YOUR OBJECTIVE
Transcribe the records in full, keeping every word exactly as given.

(SUPPLIED ENTRIES Opens)

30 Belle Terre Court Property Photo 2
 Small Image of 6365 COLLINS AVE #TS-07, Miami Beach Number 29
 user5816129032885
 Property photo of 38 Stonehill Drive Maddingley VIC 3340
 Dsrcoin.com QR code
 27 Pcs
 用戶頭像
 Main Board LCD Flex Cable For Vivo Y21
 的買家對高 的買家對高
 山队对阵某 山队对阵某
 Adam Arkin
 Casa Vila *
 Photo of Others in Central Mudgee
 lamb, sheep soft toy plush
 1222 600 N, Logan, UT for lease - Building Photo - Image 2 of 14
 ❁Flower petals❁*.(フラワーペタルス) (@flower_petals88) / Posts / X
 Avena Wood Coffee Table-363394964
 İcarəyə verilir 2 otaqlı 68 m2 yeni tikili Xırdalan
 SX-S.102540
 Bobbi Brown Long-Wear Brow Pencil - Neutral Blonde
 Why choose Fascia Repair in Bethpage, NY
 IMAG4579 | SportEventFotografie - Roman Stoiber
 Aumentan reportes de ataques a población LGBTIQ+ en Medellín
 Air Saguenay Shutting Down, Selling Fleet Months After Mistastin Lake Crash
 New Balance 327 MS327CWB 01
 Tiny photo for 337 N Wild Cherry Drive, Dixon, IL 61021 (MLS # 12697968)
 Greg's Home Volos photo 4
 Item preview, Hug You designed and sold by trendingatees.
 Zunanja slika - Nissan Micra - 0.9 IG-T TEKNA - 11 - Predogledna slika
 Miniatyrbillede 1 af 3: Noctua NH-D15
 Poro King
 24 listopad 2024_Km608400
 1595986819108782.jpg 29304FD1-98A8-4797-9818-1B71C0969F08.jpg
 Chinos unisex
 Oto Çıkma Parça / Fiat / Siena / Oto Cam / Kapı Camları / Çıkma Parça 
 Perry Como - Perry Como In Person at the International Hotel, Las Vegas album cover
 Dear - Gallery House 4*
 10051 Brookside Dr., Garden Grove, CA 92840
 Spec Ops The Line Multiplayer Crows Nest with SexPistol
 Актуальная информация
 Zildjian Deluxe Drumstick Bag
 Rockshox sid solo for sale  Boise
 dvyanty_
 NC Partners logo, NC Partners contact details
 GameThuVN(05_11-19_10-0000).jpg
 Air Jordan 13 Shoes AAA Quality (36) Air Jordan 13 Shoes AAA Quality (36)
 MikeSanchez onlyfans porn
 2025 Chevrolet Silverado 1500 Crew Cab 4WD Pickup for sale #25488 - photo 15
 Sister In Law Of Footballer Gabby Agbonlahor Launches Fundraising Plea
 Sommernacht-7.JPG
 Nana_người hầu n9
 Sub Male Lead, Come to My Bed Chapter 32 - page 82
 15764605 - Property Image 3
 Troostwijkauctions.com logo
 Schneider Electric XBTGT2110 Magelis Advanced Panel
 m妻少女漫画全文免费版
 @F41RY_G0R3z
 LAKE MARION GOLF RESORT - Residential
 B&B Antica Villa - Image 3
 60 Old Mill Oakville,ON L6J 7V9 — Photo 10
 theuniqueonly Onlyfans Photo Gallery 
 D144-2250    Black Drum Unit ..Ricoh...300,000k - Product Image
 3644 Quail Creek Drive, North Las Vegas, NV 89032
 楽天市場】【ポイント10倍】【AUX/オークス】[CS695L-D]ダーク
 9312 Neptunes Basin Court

(SUPPLIED ENTRIES Closes)

RESPONSE FOR THIS EXERCISE
30 Belle Terre Court Property Photo 2
 Small Image of 6365 COLLINS AVE #TS-07, Miami Beach Number 29
 user5816129032885
 Property photo of 38 Stonehill Drive Maddingley VIC 3340
 Dsrcoin.com QR code
 27 Pcs
 用戶頭像
 Main Board LCD Flex Cable For Vivo Y21
 的買家對高 的買家對高
 山队对阵某 山队对阵某
 Adam Arkin
 Casa Vila *
 Photo of Others in Central Mudgee
 lamb, sheep soft toy plush
 1222 600 N, Logan, UT for lease - Building Photo - Image 2 of 14
 ❁Flower petals❁*.(フラワーペタルス) (@flower_petals88) / Posts / X
 Avena Wood Coffee Table-363394964
 İcarəyə verilir 2 otaqlı 68 m2 yeni tikili Xırdalan
 SX-S.102540
 Bobbi Brown Long-Wear Brow Pencil - Neutral Blonde
 Why choose Fascia Repair in Bethpage, NY
 IMAG4579 | SportEventFotografie - Roman Stoiber
 Aumentan reportes de ataques a población LGBTIQ+ en Medellín
 Air Saguenay Shutting Down, Selling Fleet Months After Mistastin Lake Crash
 New Balance 327 MS327CWB 01
 Tiny photo for 337 N Wild Cherry Drive, Dixon, IL 61021 (MLS # 12697968)
 Greg's Home Volos photo 4
 Item preview, Hug You designed and sold by trendingatees.
 Zunanja slika - Nissan Micra - 0.9 IG-T TEKNA - 11 - Predogledna slika
 Miniatyrbillede 1 af 3: Noctua NH-D15
 Poro King
 24 listopad 2024_Km608400
 1595986819108782.jpg 29304FD1-98A8-4797-9818-1B71C0969F08.jpg
 Chinos unisex
 Oto Çıkma Parça / Fiat / Siena / Oto Cam / Kapı Camları / Çıkma Parça 
 Perry Como - Perry Como In Person at the International Hotel, Las Vegas album cover
 Dear - Gallery House 4*
 10051 Brookside Dr., Garden Grove, CA 92840
 Spec Ops The Line Multiplayer Crows Nest with SexPistol
 Актуальная информация
 Zildjian Deluxe Drumstick Bag
 Rockshox sid solo for sale  Boise
 dvyanty_
 NC Partners logo, NC Partners contact details
 GameThuVN(05_11-19_10-0000).jpg
 Air Jordan 13 Shoes AAA Quality (36) Air Jordan 13 Shoes AAA Quality (36)
 MikeSanchez onlyfans porn
 2025 Chevrolet Silverado 1500 Crew Cab 4WD Pickup for sale #25488 - photo 15
 Sister In Law Of Footballer Gabby Agbonlahor Launches Fundraising Plea
 Sommernacht-7.JPG
 Nana_người hầu n9
 Sub Male Lead, Come to My Bed Chapter 32 - page 82
 15764605 - Property Image 3
 Troostwijkauctions.com logo
 Schneider Electric XBTGT2110 Magelis Advanced Panel
 m妻少女漫画全文免费版
 @F41RY_G0R3z
 LAKE MARION GOLF RESORT - Residential
 B&B Antica Villa - Image 3
 60 Old Mill Oakville,ON L6J 7V9 — Photo 10
 theuniqueonly Onlyfans Photo Gallery 
 D144-2250    Black Drum Unit ..Ricoh...300,000k - Product Image
 3644 Quail Creek Drive, North Las Vegas, NV 89032
 楽天市場】【ポイント10倍】【AUX/オークス】[CS695L-D]ダーク
 9312 Neptunes Basin Court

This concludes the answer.